Re: How hard would a "path" operator be to implement in PostgreSQL

From: Craig Ringer <ringerc(at)ringerc(dot)id(dot)au>
To: David Johnston <polobo(at)yahoo(dot)com>
Cc: Chris Travers <chris(dot)travers(at)gmail(dot)com>, Postgres General <pgsql-general(at)postgresql(dot)org>
Subject: Re: How hard would a "path" operator be to implement in PostgreSQL
Date: 2012-08-20 03:50:51
Message-ID: 5031B41B.9010703@ringerc.id.au
Views: Raw Message | Whole Thread | Download mbox | Resend email
Thread:
Lists: pgsql-general

On 08/20/2012 11:13 AM, David Johnston wrote:
> On Aug 19, 2012, at 21:28, Chris Travers <chris(dot)travers(at)gmail(dot)com> wrote:
>
>> Hi;
>>
>> I have been reading up on object-relational features of Oracle and DB2 and found that one of the big things they have that we don't is a path operator. The idea is that you can use the path operator to follow some subset of foreign keys called refs.
> Why do you feel this is a "big thing". Sure, you can save a few keystrokes when writing multi-table queries but that doesn't seem all that great and now you are introducing ambiguity into the planner/query when trying to resolve these implicit joins. I concur that introducing an explicit REF is a poor choice taken at face value since now you have to remember what references are present. With FOREIGN KEYS you introduce a logical constraint but you are able to perform an join between two tables independent of the presence of an FK.

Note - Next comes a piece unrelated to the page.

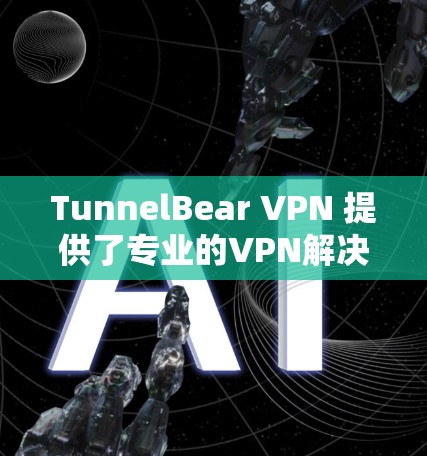 TunnelBear VPN 提供了专业的VPN解决方案，帮助用户在安全可靠的情况下进行网络访问。为了测试其网络质量，您可以按照以下步骤进行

These things mostly become valuable when used with more complex
expressions. They can also hide a *lot* of expensive work being done
behind the scenes, though, making seemingly simple queries extremely
expensive.

Think:

SELECT
parent->child11->child12 AS a,
parent->child21->child22 AS b,
FROM parent;

instead of:

SELECT
child12.a AS a,
child22.b AS b
FROM parent
LEFT OUTER JOIN child11 ON (child11.parent_id = parent.id)
LEFT OUTER JOIN child12 ON (child12.child11_id = child11.id)
LEFT OUTER JOIN child21 ON (child21.parent_id = parent.id)
LEFT OUTER JOIN child22 ON (child22.child21_id = child21.id);

It's basically the same inversion model used by the HQL query language
of Hibernate, or the similar JPQL of JPA. They're quick and convenient,
but can get insanely expensive to execute when implemented as join sets.

To do this well, the DB really needs a query optimiser that's smart
enough to know when it should be JOINing vs when it should be issuing
subqueries or even using path-operator-specific plans.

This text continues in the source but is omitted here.